KBRA Affirms BBB Rating to Colorado High Performance Transportation Enterprise’s $501 Million I-25 North Express Lanes Revenue Bonds (TIFIA)
7 Aug 2024 | New York
KBRA affirms its BBB rating for the Colorado High Performance Transportation Enterprise (HPTE) I-25 North Express Lanes Revenue Bonds. The Outlook is Stable. The financing plan consists of a loan of $501 million from the U.S. Department of Transportation (the lender) to HPTE. This loan, which is evidenced by a project bond (the TIFIA bond), constitutes federal project credit assistance under the Transportation Infrastructure Finance and Innovation Act (TIFIA) for the I-25 North Express Lanes Project (the project). The TIFIA bond achieved financial close as of August 3, 2023.
The TIFIA bond has a subordinate lien priority in toll revenues and other cash flows generated in connection with the project, which included only segment 2 and segment 3 of the project as of financial close, as these segments reached substantial close in 2016 and 2020, respectively. The TIFIA bond bears interest at an annual rate of 4.26% and has a maturity date of December 31, 2062. Interest and principal on the TIFIA bond will be paid semiannually. The TIFIA bond will fully amortize by the projected maturity date.
TIFIA bond proceeds will fund eligible project costs for segments 5-8 of the project, which did not form part of the trust estate as of financial close. These segments will only form a part of the trust estate upon reaching substantial completion. As a result, we do not include any potential revenues generated from these segments in our rating case.
HPTE is partnering with the Colorado Department of Transportation (CDOT) to operate the project in accordance with an intra-agency agreement and the E470 Public Highway Authority (E470 PHA)―a local governmental authority formed by the counties of Adams, Arapahoe, and Douglas―to collect toll revenues and provide other toll services.
Key Credit Considerations
(+) No Construction Risk
Revenues that will service the TIFIA bond are from segment 2 and segment 3, which reached their commercial operation dates in July 2016 and June 2020, respectively.
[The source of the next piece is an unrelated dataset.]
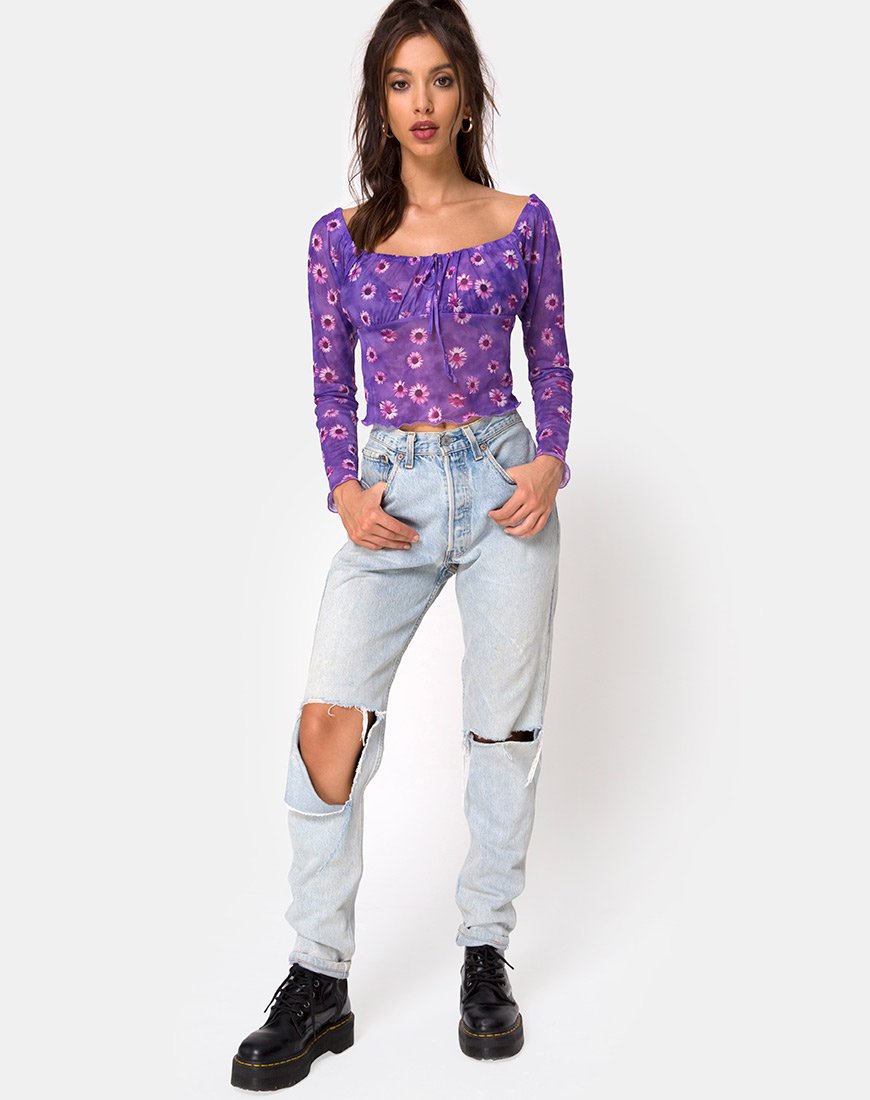 Afbeelding van Janina Top in Daisy Daze paars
(+) Revenues in line with Projections
Gross transactions on segment 2 totaled 7.94 million in H2 2023 and H1 2024 (through April), which is in line with the KBRA forecast for these two semi-annual periods (8.1 million). Gross transactions on segment 3 totaled 3.86 million in H2 2023 and H1 2024 (through April) significantly trails KBRA’s forecast of 6.52 million for these two semi-annual periods. Revenue (after leakage), however, is in line at $17.54 million, compared to KBRA’s forecast ($17.9 million).
(+) Transaction Liquidity
The project benefits from several liquidity sources, including a debt service reserve account, operations and maintenance reserve account, and a renewal and replacement account, which are all funded at levels at or above market precedent.
(+) No Debt Service Due
There is no debt service due on the TIFIA bond until 2025.
Rating Sensitivities
A rating upgrade could occur if traffic ramp-up for segment 3 and toll revenues are significantly better than expected and consistently outperform KBRA’s projections.
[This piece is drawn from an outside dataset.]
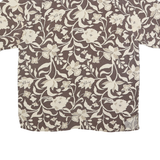 VINTAGE SILK Mens Brown & Cream Floral Silk Shirt L Summer Casual Lightweight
KBRA may downgrade the rating if traffic volumes are significantly lower than KBRA’s projections, resulting in cash flows available for debt service consistently below KBRA’s projections.
ESG Considerations
Environmental Factors
Given that vehicles are responsible for a meaningful portion of carbon emissions, there could be future regulation or policies that discourage single-occupancy vehicles typically used by commuters, which could impact traffic levels and tolling revenues.
Social Factors
The I-25 Express Lanes are an essential component of the interstate highway system connecting the greater Denver metropolitan region. Project revenues are reliant on traffic volumes from the surrounding neighborhoods, which can be influenced by a multitude of social factors including employment levels and household income. The project benefits from a diversified local economy with higher GDP per capita and median income than the national average.
Governance Factors
HPTE will have oversight of the project throughout the term of the debt. HPTE is owned by the State of Colorado and governed by an independent board of directors. Coordination between HPTE and other governmental agencies, including CDOT and the toll services provider, will be integral in operating and collecting revenues from the project. Policy changes or a lack of transparency between the parties could negatively impact the project.
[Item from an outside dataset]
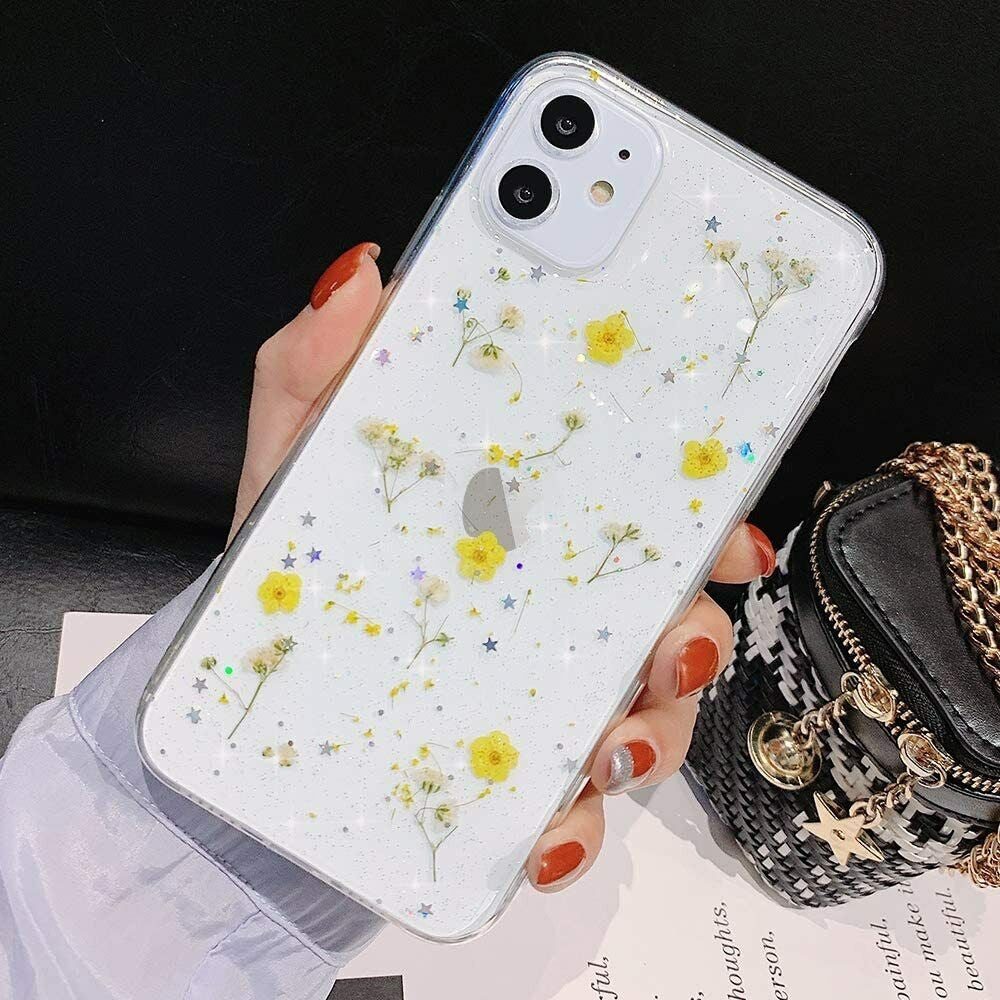 Glitter Case for Iphone 15 12 11 14 XR 6 7 8 Xs Cute Flower TPU Clear Soft Cover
Surveillance Rating Rationale
Under KBRA’s rating case, we expect the project to have an average DSCR of 2.3x through the term of the bonds. The rating and Stable Outlook reflect the project’s contractual structure, historical performance, and robust coverages through the term. These attributes and the project’s KBRA Project Risk Score (KPRS) score of Strong, together with the strong performance over the surveillance period, support an affirmation of the BBB rating.
Outlook
The Stable Outlook reflects the substantial liquidity in place during the operations phase and experience of the operators. A rating upgrade may occur if ramp-up on segment 3 is stronger than expected and traffic significantly exceeds expectations. A downgrade may occur if traffic volumes are consistently lower than KBRA’s projections during the operations phase.